The KissLe cœur brisé, Irene doit se résigner à ne plus voir l’homme qu’elle aime en secret car elle ne peut divorcer de son mari âgé, terriblement jaloux, avec qui elle est liée par un mariage sans amour. De plus, un très jeune fils des amis du couple est follement épris d’elle et brûle de se déclarer… The Kiss (Le baiser) est le dernier film muet de Greta Garbo. A l’âge de 24 ans, l’actrice était déjà une très grande star. Le réalisateur d’origine belge Jacques Feyder tourne ici son premier film à Hollywood. Greta Garbo montre une grande richesse dans son jeu ; elle est, comme toujours, très expressive mais c’est surtout l’étendue de la palette de sentiments qu’elle provoque chez le spectateur qui étonne le plus.
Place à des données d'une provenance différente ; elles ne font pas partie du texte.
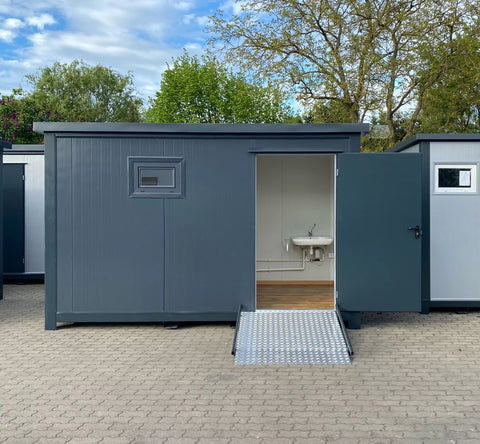 Módulo Sanitario Accesible con Rampa – WC Adaptado en Contenedor | Ref. 3907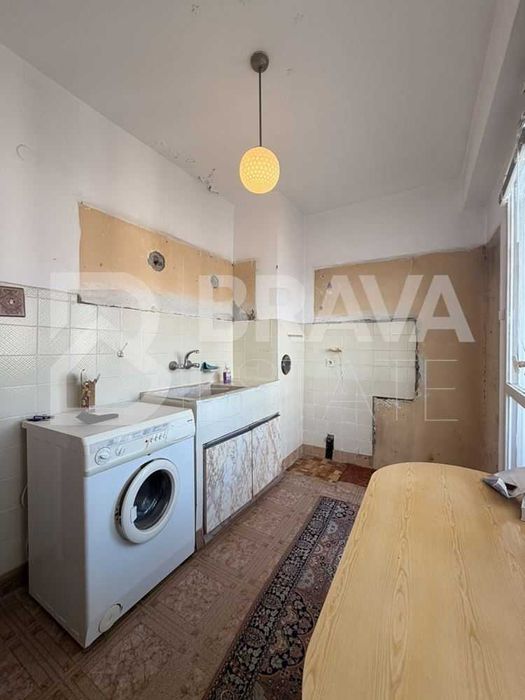 2-ен апартамент ,Панел ,58 кв.м .Кючук Париж до Камела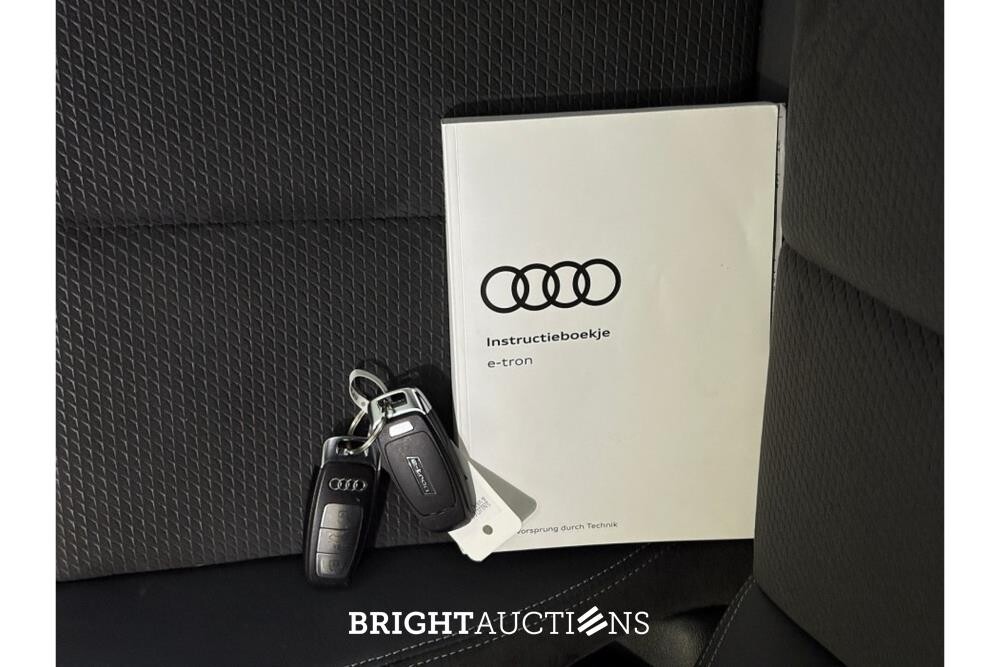 Audi e-tron 55 S edition Quattro 95 kWh 408pk 2021 (Origineel-NL), L-559-DX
Il suffit de voir comment elle est capable de passer en quelques secondes du bonheur à la tristesse la plus intense ou encore de modeler son jeu selon la personnalité de son partenaire :The Kiss face au jeune Lew Ayres, elle est beaucoup plus légère et frivole que face à Conrad Nagel, son amant plus âgé. Elle joue avec un naturel confondant, on est sous le charme. A noter que c’est le premier film où elle accomplit un acte violent. The Kiss est pour Lew Ayres, 20 ans, son premier rôle : il montre une belle présence à l’écran (1). Gros succès à l’époque, ce film nous montre à quel point Greta Garbo, « La divine », était bien l’une des plus grandes actrices du muet avant d’être une grande star du parlant. (film muet)
Elle:
Lui : 4 étoiles

Acteurs: Greta Garbo, Conrad Nagel, Lew Ayres, Anders Randolf
Voir la fiche du film et la filmographie de Jacques Feyder sur le site IMDB.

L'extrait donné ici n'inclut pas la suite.